All of lore.kernel.org
 help / color / mirror / Atom feed
From: "Russell King (Oracle)" <linux@armlinux.org.uk>
To: Jijie Shao <shaojijie@huawei.com>
Cc: f.fainelli@gmail.com, Andrew Lunn <andrew@lunn.ch>,
	davem@davemloft.net, edumazet@google.com, hkallweit1@gmail.com,
	kuba@kernel.org, netdev@vger.kernel.org, pabeni@redhat.com,
	"shenjian15@huawei.com" <shenjian15@huawei.com>,
	"liuyonglong@huawei.com" <liuyonglong@huawei.com>,
	wangjie125@huawei.com, chenhao418@huawei.com,
	Hao Lan <lanhao@huawei.com>,
	"wangpeiyang1@huawei.com" <wangpeiyang1@huawei.com>
Subject: Re: [PATCH net-next] net: phy: avoid kernel warning dump when stopping an errored PHY
Date: Mon, 4 Sep 2023 15:42:50 +0100	[thread overview]
Message-ID: <ZPXs6i2S8GSCpVOV@shell.armlinux.org.uk> (raw)
In-Reply-To: <8e7e02d8-2b2a-8619-e607-fbac50706252@huawei.com>

On Mon, Sep 04, 2023 at 05:50:32PM +0800, Jijie Shao wrote:
> Hi all,
> We encountered an issue when resetting our netdevice recently, it seems
> related to this patch.
> 
> During our process, we stop phy first and call phy_start() later.
> phy_check_link_status returns error because it read mdio failed. The
> reason why it happened is that the cmdq is unusable when we reset and we
> can't access to mdio.

Are you suggesting that the sequence is:

phy_stop();
reset netdev
phy_start();

?

Is the reason for doing this because you've already detected an issue
with the hardware, and you're trying to recover it - and before you've
called phy_stop() the hardware is already dead?

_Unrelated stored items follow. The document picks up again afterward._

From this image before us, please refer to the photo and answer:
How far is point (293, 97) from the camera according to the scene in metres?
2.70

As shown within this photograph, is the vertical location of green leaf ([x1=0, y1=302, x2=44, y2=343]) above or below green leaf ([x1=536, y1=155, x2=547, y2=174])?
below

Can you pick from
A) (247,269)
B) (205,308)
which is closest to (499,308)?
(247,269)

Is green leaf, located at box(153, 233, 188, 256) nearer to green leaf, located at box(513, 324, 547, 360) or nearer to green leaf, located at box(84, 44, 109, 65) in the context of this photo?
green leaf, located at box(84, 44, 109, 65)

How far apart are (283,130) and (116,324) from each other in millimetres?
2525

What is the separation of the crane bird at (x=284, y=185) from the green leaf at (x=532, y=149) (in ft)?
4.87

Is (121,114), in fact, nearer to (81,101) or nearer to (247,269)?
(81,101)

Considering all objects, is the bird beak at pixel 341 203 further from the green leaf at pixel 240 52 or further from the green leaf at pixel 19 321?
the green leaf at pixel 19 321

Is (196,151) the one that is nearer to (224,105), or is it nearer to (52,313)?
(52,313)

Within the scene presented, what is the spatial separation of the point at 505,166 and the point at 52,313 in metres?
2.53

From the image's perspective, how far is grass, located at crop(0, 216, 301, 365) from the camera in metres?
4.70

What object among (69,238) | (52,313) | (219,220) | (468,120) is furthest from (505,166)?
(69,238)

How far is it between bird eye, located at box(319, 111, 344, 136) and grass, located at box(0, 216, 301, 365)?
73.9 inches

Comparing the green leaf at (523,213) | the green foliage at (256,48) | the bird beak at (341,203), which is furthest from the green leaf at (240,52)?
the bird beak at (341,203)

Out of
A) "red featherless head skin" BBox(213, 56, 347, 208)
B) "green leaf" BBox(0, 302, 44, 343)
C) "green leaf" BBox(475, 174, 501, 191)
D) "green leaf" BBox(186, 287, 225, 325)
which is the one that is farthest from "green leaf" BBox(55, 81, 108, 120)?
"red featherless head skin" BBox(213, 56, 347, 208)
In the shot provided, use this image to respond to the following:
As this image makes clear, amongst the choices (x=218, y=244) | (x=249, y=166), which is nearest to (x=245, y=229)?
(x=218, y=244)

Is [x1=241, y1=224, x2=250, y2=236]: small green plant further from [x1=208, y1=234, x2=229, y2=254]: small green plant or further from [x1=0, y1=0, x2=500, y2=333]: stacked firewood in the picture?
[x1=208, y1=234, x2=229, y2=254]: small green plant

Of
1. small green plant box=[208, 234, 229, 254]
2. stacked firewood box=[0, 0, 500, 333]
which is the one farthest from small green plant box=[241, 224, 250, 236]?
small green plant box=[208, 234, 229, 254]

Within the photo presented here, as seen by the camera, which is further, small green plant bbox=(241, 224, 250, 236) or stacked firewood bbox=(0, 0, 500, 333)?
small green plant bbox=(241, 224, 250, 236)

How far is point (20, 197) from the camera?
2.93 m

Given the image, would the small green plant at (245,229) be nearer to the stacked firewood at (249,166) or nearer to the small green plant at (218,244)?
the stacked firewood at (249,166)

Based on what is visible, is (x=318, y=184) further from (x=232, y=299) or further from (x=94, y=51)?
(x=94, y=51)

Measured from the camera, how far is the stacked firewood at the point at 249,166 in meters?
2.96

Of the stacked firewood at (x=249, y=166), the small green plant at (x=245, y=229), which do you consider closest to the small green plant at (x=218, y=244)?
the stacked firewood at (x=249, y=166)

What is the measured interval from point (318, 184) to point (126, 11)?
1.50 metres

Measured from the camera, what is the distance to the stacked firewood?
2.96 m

If that is the case, I'm not really sure what you expect to happen
here. You've identified a race where the state machine is running in
unison with phy_stop(), but in this circumstance it is also possible
that the state machine could complete executing and have called
phy_error_precise() before phy_stop() has even been called. In that
case, you'll still get a warning-splat on the console from
phy_error_precise().

The only difference is that phy_stop() won't warn.

That all said, this is obviously buggy, because phy_stop() has set
the phydev state to PHY_HALTED and the state machine has unexpectedly
changed its state.

I wonder whether we should be tracking the phy_start/stop state
separately, since we've had issues with phy_stop() warning when an
error has occurred (see commit 59088b5a946e).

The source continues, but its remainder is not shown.